■ Your assignment
All pictures are to be dropped, and everything else in the data duplicated exactly.
··· Collected data ···
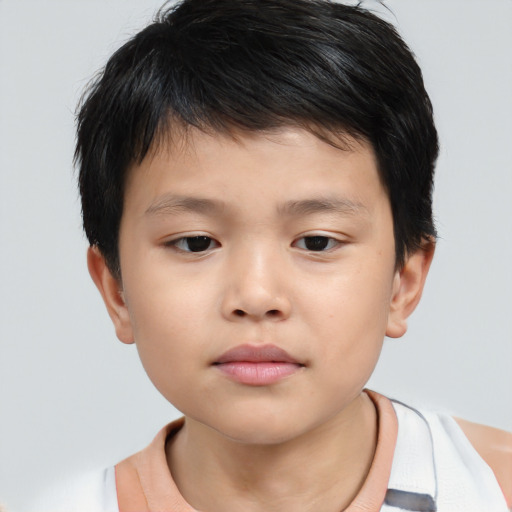 Neutral asian child male with short  brown hair and brown eyes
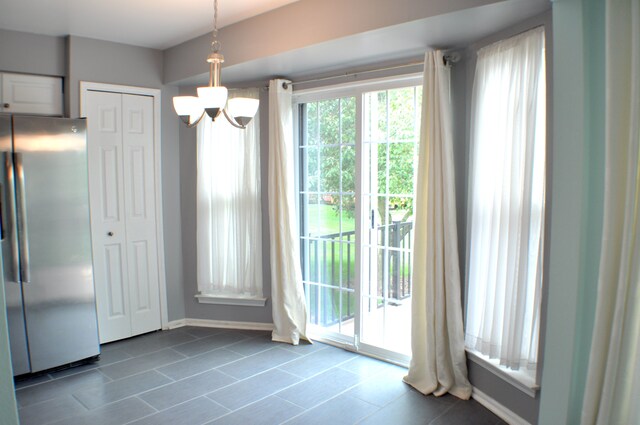 4439 Hunters Cir W, Canton, MI 48188 - unfurnished dining area featuring a chandelier, dark tile patterned flooring, and baseboards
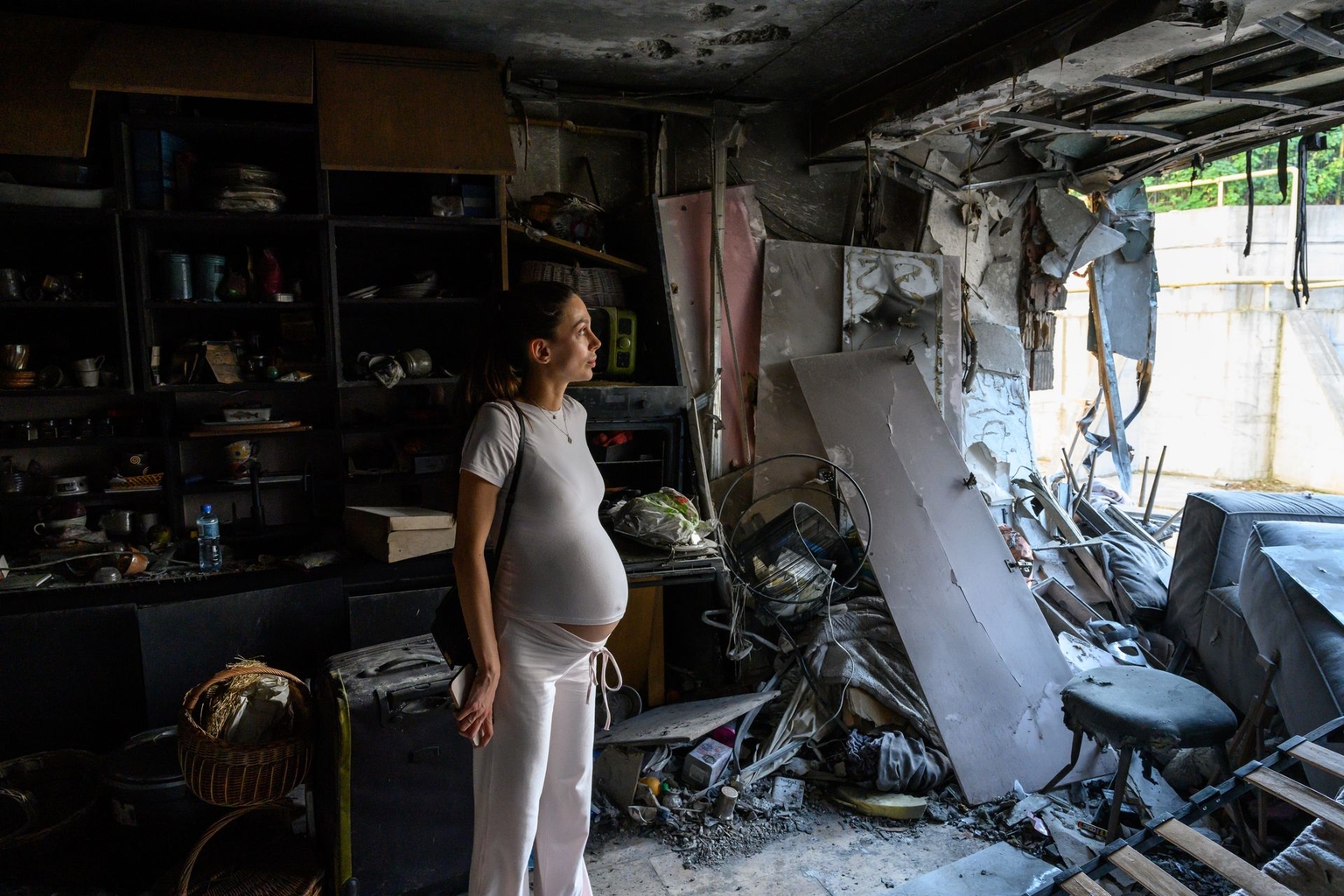 Ukrainian Bogdana Zhupanyna, in her ninth month of pregnancy, surveys damage to her apartment after it was struck by a Russian-made, Iran-designed Shahed-136 drone in Kyiv, Ukraine, on July 23, 2025.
···
■ Response
 Neutral asian child male with short  brown hair and brown eyes
 4439 Hunters Cir W, Canton, MI 48188 - unfurnished dining area featuring a chandelier, dark tile patterned flooring, and baseboards
 Ukrainian Bogdana Zhupanyna, in her ninth month of pregnancy, surveys damage to her apartment after it was struck by a Russian-made, Iran-designed Shahed-136 drone in Kyiv, Ukraine, on July 23, 2025.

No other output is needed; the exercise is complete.